I was thinking about doing shark bites. When the backflow was hooked up ( 1 1/2) we let it set for 4 hours and it blew off of the 90s. So we redid it and ended up waiting over night. Working pressure is 70 after it's been through a backflow and a softening system.


----------



## Redwood (Sep 8, 2008)

Friends don't let friends use CPVC...
Yea it still sux...


----------



## PlumberJ90 (Oct 10, 2012)

Redwood said:


> Friends don't let friends use CPVC...
> Yea it still sux...


Almost ALL new work down here is CPVC. Residential commercial and I don't know about industrial. And it's not just my (small) company either


----------



## Cajunhiker (Dec 14, 2009)

Architects sometimes purposely design new buildings completely with CPVC.
Plumbed in a 4-story 110-room Marriot Springhill Suites hotel 2 years ago with 100% CPVC, including 3" grey schedule 80 CPVC water supply pipe. Only had one leak on a 2" CPVC valve. Used Oatey Flowguard Gold glue on entire job. Glue had days/weeks to set up before pipes pressurized. Jus sayin', as the kids say nowadays.


----------



## ROCKSTARPLUMBER (Dec 14, 2008)

All pipe has its flaws. We could just as easily have threads stating the same thing about galvo, copper, pex, or poly. I think each has its place In our industry(other than poly). If I were to build me a house today it would be cpvc through out before copper or pex.


----------



## Will (Jun 6, 2010)

Depends of where your at. I've installed miles of CPVC (flow guard) in apartments all over Texas working for another outfit. Seemed to his up well with hardly zero issues. The company I was working for had been using CPVC exclusively in apartments since the 80s and the owner sweared by it. 

Me Id use PEX (Uponor or Veiga) before any other piping, and that includes copper


----------



## Master Mark (Aug 14, 2009)

PlumberJ90 said:


> I was thinking about doing shark bites. When the backflow was hooked up ( 1 1/2) we let it set for 4 hours and it blew off of the 90s. So we redid it and ended up waiting over night. Working pressure is 70 after it's been through a backflow and a softening system.


 
that story scares the hell out of me..... it blows off the cpvc 90s off after setting up for 4 hours.....

I would much rather trust sharkbite fittings with the cpvc pipe than the crappy cpvc fittings.... especially if my insurance is the one that will pay for the damages.... 

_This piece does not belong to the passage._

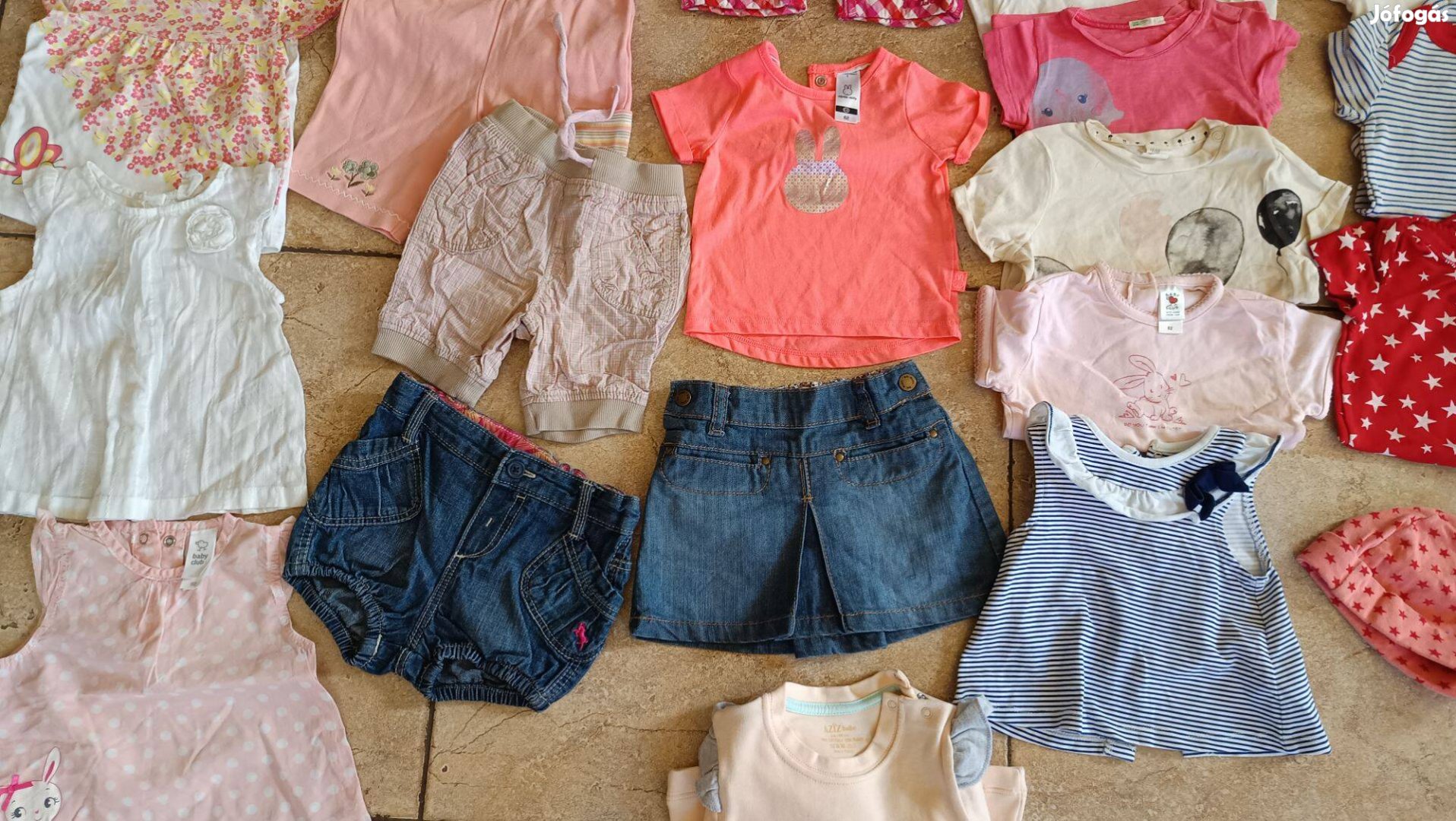 32 db-os kislány 6268-as ruhacsomag olcsón eladó!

Those crappy cpvc fittings have to last a year before you are out from under the liability...


----------



## PlumberJ90 (Oct 10, 2012)

Master Mark said:


> that story scares the hell out of me..... it blows off the cpvc 90s off after setting up for 4 hours..... I would much rather trust sharkbite fittings with the cpvc pipe than the crappy cpvc fittings.... especially if my insurance is the one that will pay for the damages.... Those crappy cpvc fittings have to last a year before you are out from under the liability...

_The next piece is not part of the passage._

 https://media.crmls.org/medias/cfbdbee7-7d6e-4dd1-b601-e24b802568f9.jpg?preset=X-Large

That was 1 1/2 sch 40 PVC that blew off. It was at the backflow. I was using it to explain how much pressure is coming off of the city main. It's ridiculous


----------



## 422 plumber (Jul 31, 2008)

It looked like the pipe was strapped to the brick wall. I would have used minis, not 2 holes. With high pressures, cpvc needs expansion loops. CPVC isn't my normal first choice, but I repiped a house I owned in it, because the crawl was only about 16" high.


----------



## PlumberJ90 (Oct 10, 2012)

422 plumber said:


> It looked like the pipe was strapped to the brick wall. I would have used minis, not 2 holes. With high pressures, cpvc needs expansion loops. CPVC isn't my normal first choice, but I repiped a house I owned in it, because the crawl was only about 16" high.


Would've used what?!? Sorry my experience is very limited outside of how my company does things.


----------



## 422 plumber (Jul 31, 2008)

We call them minis, they hold the pipe off the surface, but then again, they stick you out about an inch more.


----------



## PlumberJ90 (Oct 10, 2012)

422 plumber said:


> We call them minis, they hold the pipe off the surface, but then again, they stick you out about an inch more.


Oh ok. As soon as I got there the owner of the building was talkin about his attorney and all the damage it has done so I called the owner of my co and told him he needed to come down there. (20 min from where he was @ home mind you) and he wouldn't come. Refused. So I just used 2 couplings and put it back together and left.


----------



## Richard Hilliard (Apr 10, 2010)

I would question whether the cooler installation smacked the coupling when they pushed it in with a fork truck. That wall should have been framed to protect the pipe.

I am surprised your owner did not know that or request it being he was an inspector at 1 time.


----------



## PlumberJ90 (Oct 10, 2012)

Richard Hilliard said:


> I would question whether the cooler installation smacked the coupling when they pushed it in with a fork truck. That wall should have been framed to protect the pipe. I am surprised your owner did not know that or request it being he was an inspector at 1 time.


And is going back to being an inspector October 1st. We think it was hit but who knows.


----------